---------- RAW DATA ----------

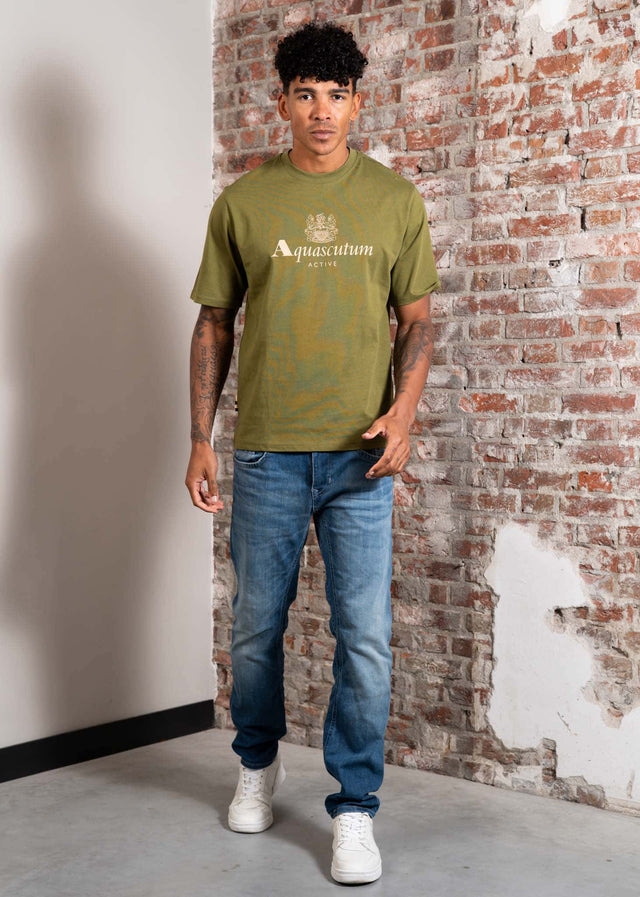 Aquascutum T-shirts Big logo t-shirt - army green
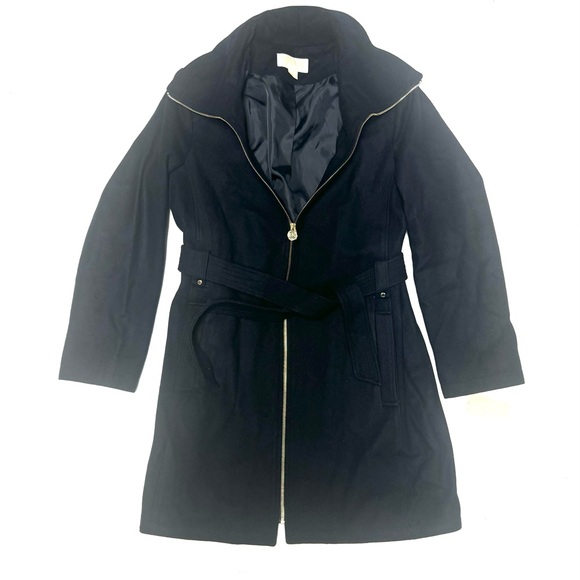Michael Kors Womens Zip Front Wool Coat Dark Navy Size Large - Picture 1 of 4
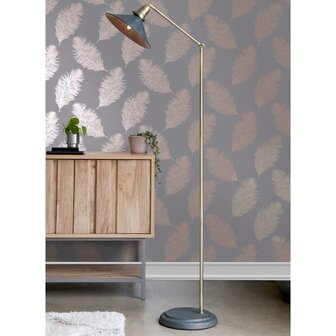 DUTCH WALLCOVERINGS Behang Fawning Feather grijs en ros&eacute;goudkleurig 5022976126299 5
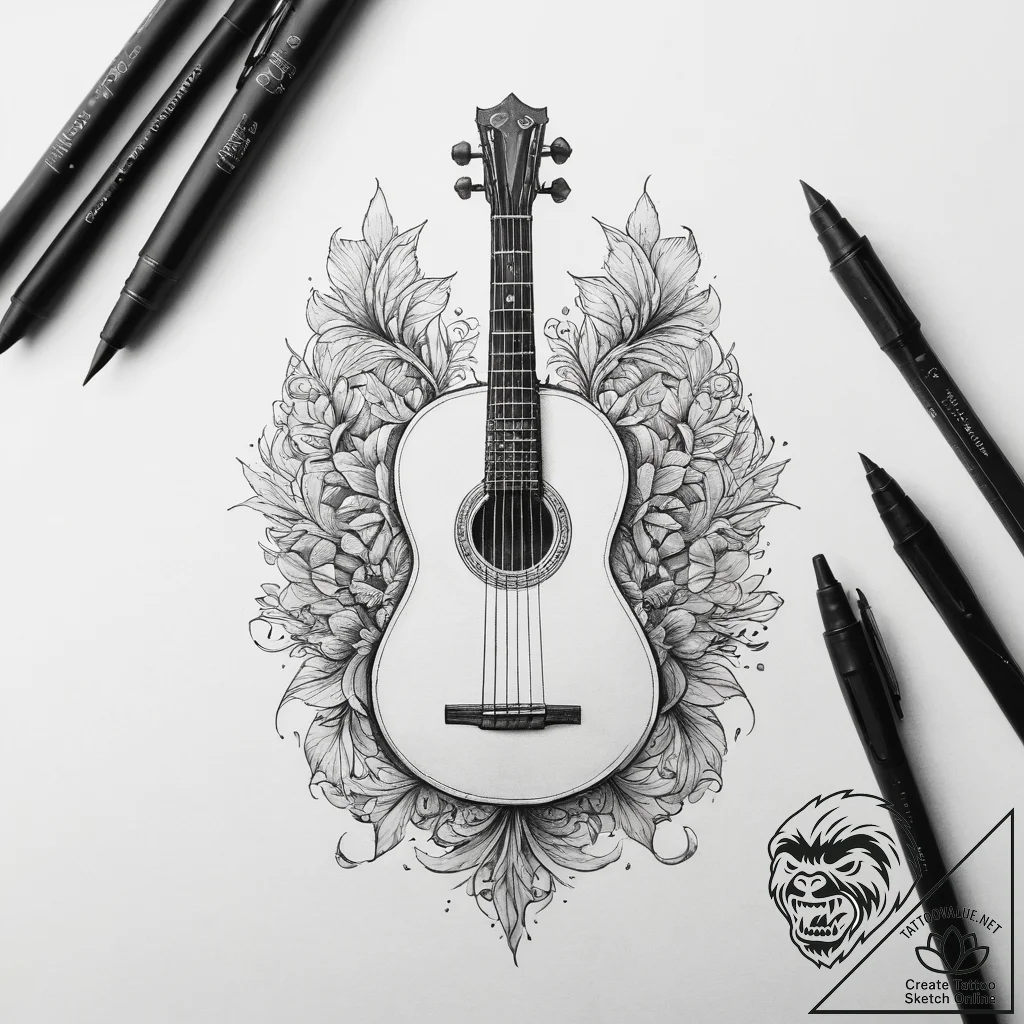 Tattoo sketch bard lute, tattoo drawing outli... - tattoo sketch (№1758150053_0, 17.09.2025 23:00) — tattoovalue.net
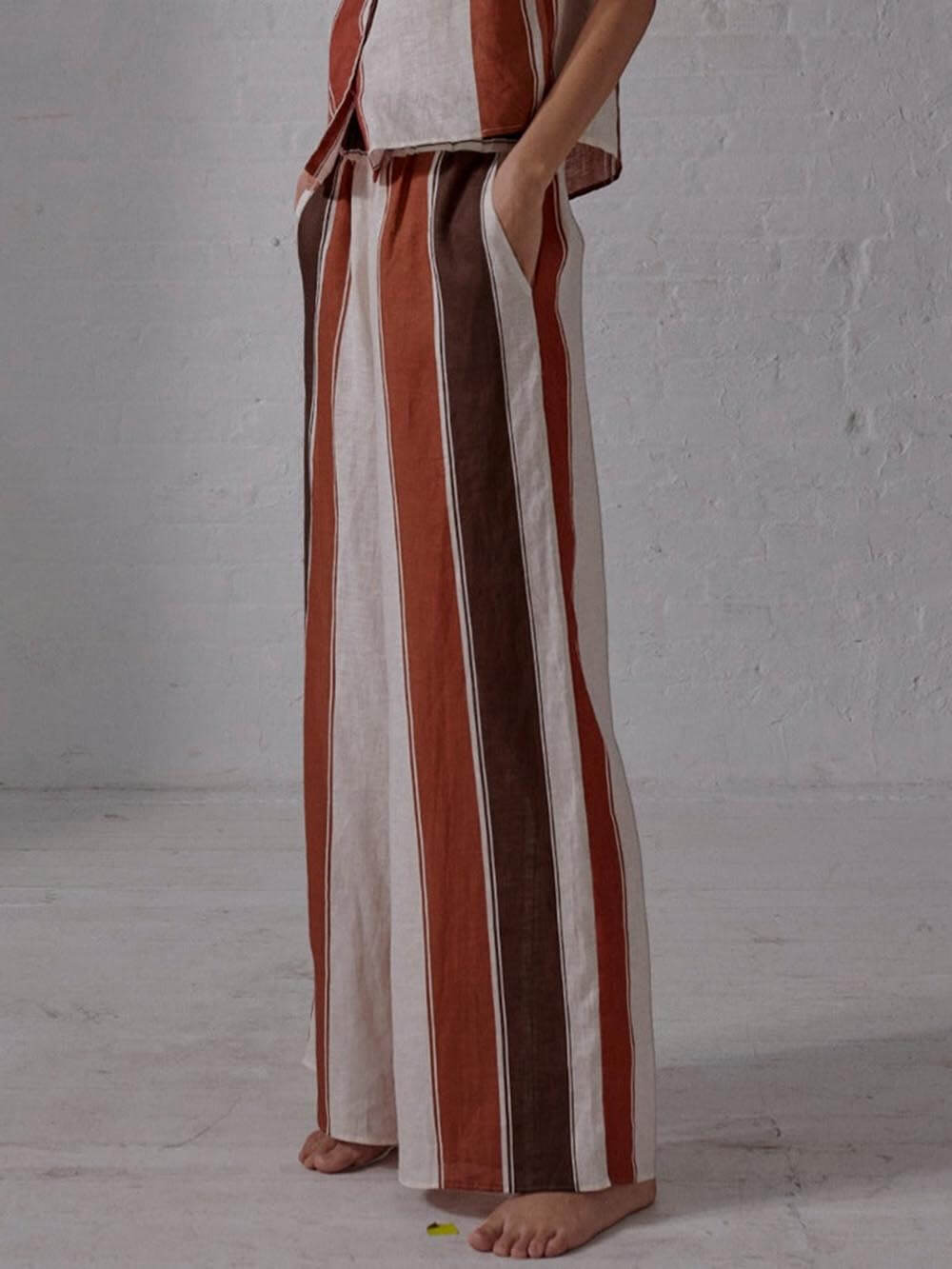 Striped Print Loose Wide Pocket Wide-leg Pants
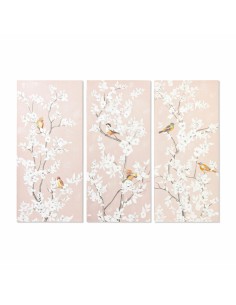 Bild Home ESPRIT Beige Gold Leinwand Holz MDF Moderne Blume 80 x 3 x 80 cm (2 Stück) | Tienda24 Tienda24.eu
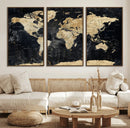 Framed Large World Map Wall Art Canvas Print for Living Room by MyGreatCanvas | Canvas Wall Art Prints | Photo Prints & Wall Decor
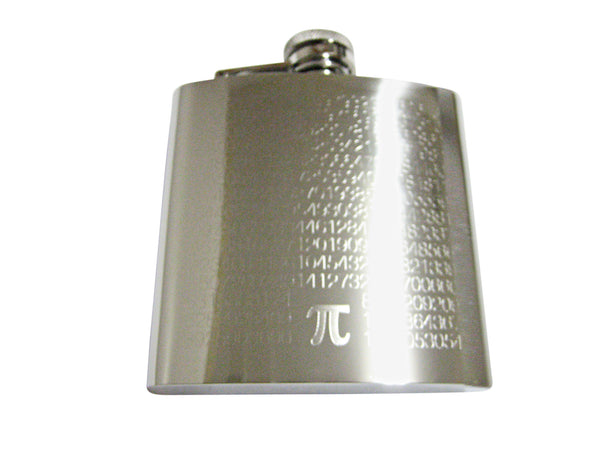 Etched Mathematical Pi Symbol and Number Pendant 6 Oz. Stainless Steel Flask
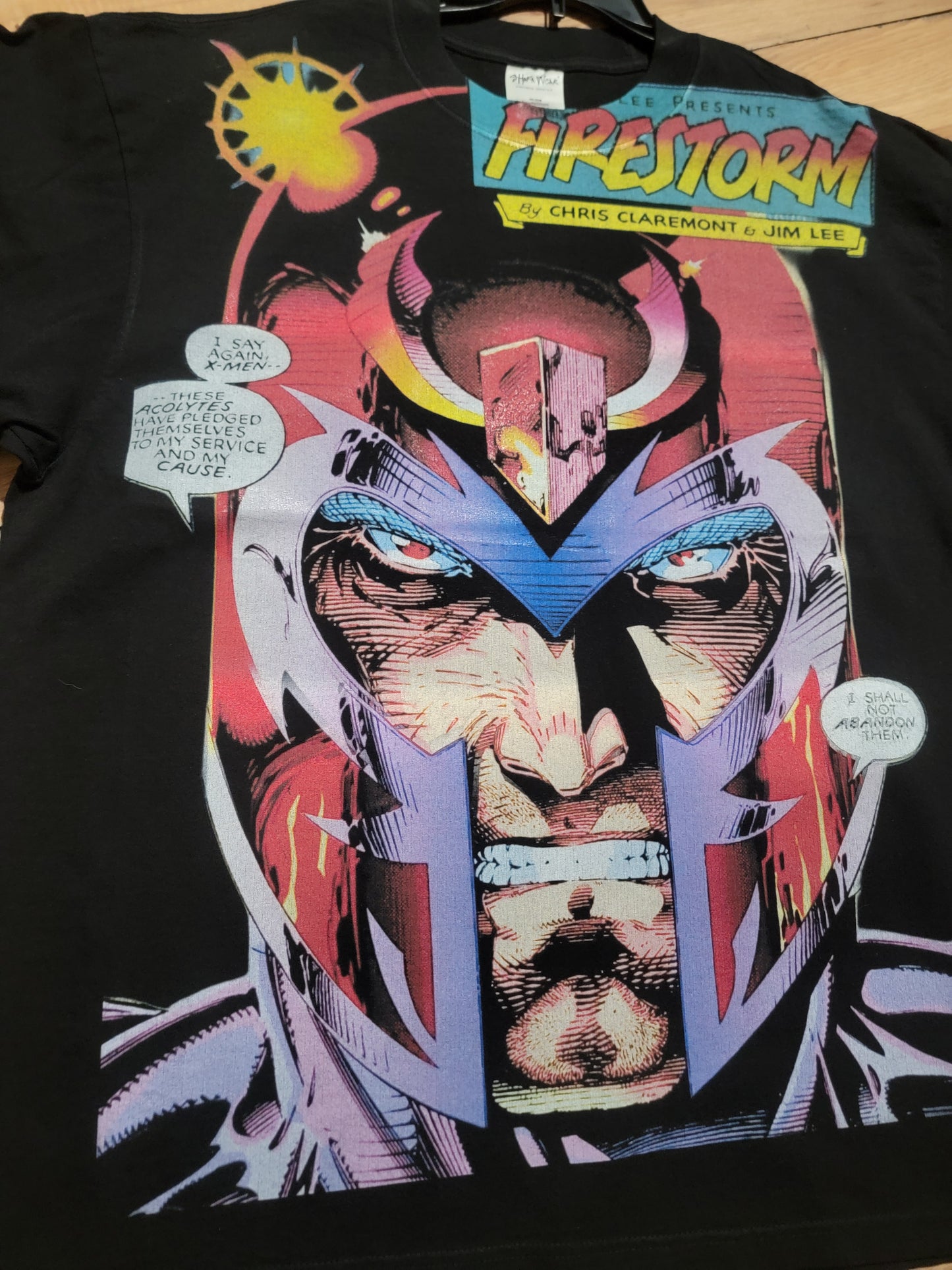 MAGNETO JUMBO PRINT  ON SHAKA HEAVY GARMET DYED T SHIRT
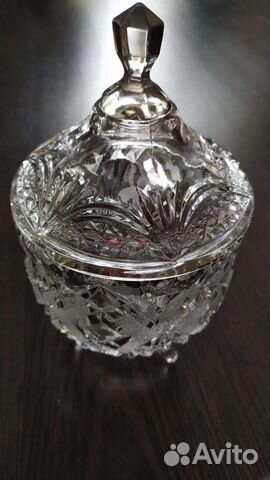 Хрустальная конфетница с крышкой СССР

----------

# [REQUIRED WORK]
The records above are to be transcribed exactly, with every picture left out.

# [ANSWER TO THIS TASK]
 Aquascutum T-shirts Big logo t-shirt - army green
Michael Kors Womens Zip Front Wool Coat Dark Navy Size Large - Picture 1 of 4
 DUTCH WALLCOVERINGS Behang Fawning Feather grijs en ros&eacute;goudkleurig 5022976126299 5
 Tattoo sketch bard lute, tattoo drawing outli... - tattoo sketch (№1758150053_0, 17.09.2025 23:00) — tattoovalue.net
 Striped Print Loose Wide Pocket Wide-leg Pants
 Bild Home ESPRIT Beige Gold Leinwand Holz MDF Moderne Blume 80 x 3 x 80 cm (2 Stück) | Tienda24 Tienda24.eu
 Framed Large World Map Wall Art Canvas Print for Living Room by MyGreatCanvas | Canvas Wall Art Prints | Photo Prints & Wall Decor
 Etched Mathematical Pi Symbol and Number Pendant 6 Oz. Stainless Steel Flask
 MAGNETO JUMBO PRINT  ON SHAKA HEAVY GARMET DYED T SHIRT
 Хрустальная конфетница с крышкой СССР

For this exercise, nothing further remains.